Top of SOURCE MATERIAL

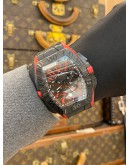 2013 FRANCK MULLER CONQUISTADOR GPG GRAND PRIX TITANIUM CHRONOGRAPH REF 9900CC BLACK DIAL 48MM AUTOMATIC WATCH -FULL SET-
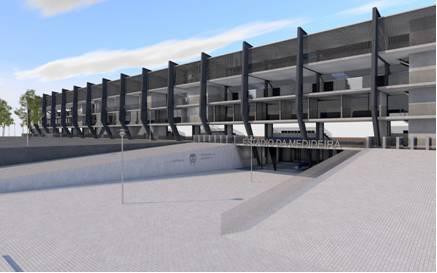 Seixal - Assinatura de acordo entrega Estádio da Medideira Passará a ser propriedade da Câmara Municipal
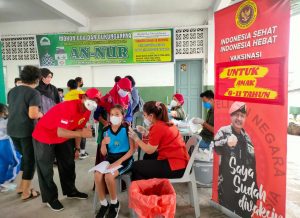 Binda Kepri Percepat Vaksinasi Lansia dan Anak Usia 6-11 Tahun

Bottom of SOURCE MATERIAL

# [THE PROBLEM]
Please reproduce the data above word for word, skipping all images.

# [PROBLEM SOLUTION]
 2013 FRANCK MULLER CONQUISTADOR GPG GRAND PRIX TITANIUM CHRONOGRAPH REF 9900CC BLACK DIAL 48MM AUTOMATIC WATCH -FULL SET-
 Seixal - Assinatura de acordo entrega Estádio da Medideira Passará a ser propriedade da Câmara Municipal
 Binda Kepri Percepat Vaksinasi Lansia dan Anak Usia 6-11 Tahun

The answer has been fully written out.